Please retype the records below exactly, from the first line down to and including the line with "por exemplo, você".

Records from a collection:
--- START ---
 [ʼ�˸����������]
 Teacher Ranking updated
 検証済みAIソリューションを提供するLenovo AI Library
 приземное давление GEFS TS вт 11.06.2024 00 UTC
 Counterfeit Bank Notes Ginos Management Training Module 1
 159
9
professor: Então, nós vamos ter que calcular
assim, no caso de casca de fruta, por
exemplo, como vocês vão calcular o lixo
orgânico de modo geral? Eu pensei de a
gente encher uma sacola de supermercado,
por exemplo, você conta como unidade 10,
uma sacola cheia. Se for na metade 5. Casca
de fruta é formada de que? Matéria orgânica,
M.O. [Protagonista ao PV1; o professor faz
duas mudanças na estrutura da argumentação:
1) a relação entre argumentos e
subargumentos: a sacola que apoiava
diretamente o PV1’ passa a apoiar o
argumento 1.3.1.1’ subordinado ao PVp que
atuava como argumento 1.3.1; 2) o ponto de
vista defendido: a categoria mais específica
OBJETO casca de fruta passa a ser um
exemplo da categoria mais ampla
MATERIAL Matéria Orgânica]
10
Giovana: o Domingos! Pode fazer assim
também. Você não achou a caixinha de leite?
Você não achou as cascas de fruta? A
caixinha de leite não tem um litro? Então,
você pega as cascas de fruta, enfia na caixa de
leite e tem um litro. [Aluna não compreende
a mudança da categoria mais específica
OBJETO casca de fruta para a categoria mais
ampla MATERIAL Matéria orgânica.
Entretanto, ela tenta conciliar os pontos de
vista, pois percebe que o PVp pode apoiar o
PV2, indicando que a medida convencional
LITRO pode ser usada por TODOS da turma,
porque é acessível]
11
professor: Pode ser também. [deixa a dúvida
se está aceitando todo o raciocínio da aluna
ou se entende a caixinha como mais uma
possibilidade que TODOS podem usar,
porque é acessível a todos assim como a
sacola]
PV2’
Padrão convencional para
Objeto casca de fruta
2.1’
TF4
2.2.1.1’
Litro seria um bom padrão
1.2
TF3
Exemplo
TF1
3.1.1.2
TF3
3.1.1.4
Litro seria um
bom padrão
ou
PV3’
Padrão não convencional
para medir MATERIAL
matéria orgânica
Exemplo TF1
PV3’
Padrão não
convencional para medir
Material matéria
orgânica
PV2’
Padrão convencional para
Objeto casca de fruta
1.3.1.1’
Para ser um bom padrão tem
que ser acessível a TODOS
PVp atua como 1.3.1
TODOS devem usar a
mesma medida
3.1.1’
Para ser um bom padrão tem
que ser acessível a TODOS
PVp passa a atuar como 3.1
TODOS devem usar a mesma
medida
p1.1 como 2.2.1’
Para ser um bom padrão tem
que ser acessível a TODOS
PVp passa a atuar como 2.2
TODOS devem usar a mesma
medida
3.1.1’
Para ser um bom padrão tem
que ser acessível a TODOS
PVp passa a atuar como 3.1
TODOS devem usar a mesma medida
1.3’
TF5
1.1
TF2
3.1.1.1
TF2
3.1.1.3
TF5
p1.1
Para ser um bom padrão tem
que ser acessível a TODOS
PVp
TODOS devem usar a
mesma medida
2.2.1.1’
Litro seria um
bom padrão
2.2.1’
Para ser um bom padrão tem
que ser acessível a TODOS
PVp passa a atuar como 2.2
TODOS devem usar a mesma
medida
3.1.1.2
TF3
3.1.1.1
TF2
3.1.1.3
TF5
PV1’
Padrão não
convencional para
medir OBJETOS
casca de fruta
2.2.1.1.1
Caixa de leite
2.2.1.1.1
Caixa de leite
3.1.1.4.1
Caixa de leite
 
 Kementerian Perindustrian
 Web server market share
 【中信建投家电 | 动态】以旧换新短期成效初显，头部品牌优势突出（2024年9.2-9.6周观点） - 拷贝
--- END ---
▸ **Response below**:
 [ʼ�˸����������]
 Teacher Ranking updated
 検証済みAIソリューションを提供するLenovo AI Library
 приземное давление GEFS TS вт 11.06.2024 00 UTC
 Counterfeit Bank Notes Ginos Management Training Module 1
 159
9
professor: Então, nós vamos ter que calcular
assim, no caso de casca de fruta, por
exemplo, como vocês vão calcular o lixo
orgânico de modo geral? Eu pensei de a
gente encher uma sacola de supermercado,
por exemplo, você conta como unidade 10,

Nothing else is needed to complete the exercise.